Что нам требуется сегодня - так это политическая воля, способная демократическими методами оградить парламент от давления лоббистов, сделать его неприкосновенным. Но сохранили ли наши парламентарии достаточно независимости, чтобы принять радикальное решение о введении такого демократического контроля? Или наша свобода теперь неразрывно связана с прибылью?
Все мы видим, как производство по всему миру сворачивается, как из-за корпоративных слияний и поглощений ликвидируются тысячи рабочих мест, как одно объявление о сокращении численности работников фирмы вызывает рост ее акций - все это бездумно воспринимается как 'плата за жизнь в свободном обществе'. Последствия этого процесса, маскируемого понятием 'глобализация' уже проявляются со всей очевидностью - о них можно узнать из сухих статистических отчетов. Постоянно высокий уровень безработицы - в Германии работы не имеют уже 5 миллионов человек - и столь же постоянное нежелание промышленников создавать новые рабочие места, несмотря на явный рост доходов, особенно экспортных, разрушают все надежды на достижение полной занятости.

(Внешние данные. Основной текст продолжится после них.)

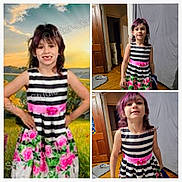 Davina joined the competition — help win amazing prizes! child, girl, purple_hair, striped_dress, floral_pattern, indoor, outdoor, door, wooden_floor, portrait, smiling, standing, collage, distorted_image, colorful, pink, black_and_white, young, person, background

Пожилых работников, которые могли бы трудиться еще несколько лет, досрочно выгоняют на пенсию. Молодежь лишают возможности получить необходимую квалификацию для успешной конкуренции на рынке рабочей силы. Хуже того, при всех разговорах об угрозе 'старения' населения и требований, которые политики повторяют как попугаи, увеличить помощь молодежи и расходы на образование, в Федеративной республике - а она все еще остается богатой страной - допускается постыдный рост такого явления как 'детская нищета'.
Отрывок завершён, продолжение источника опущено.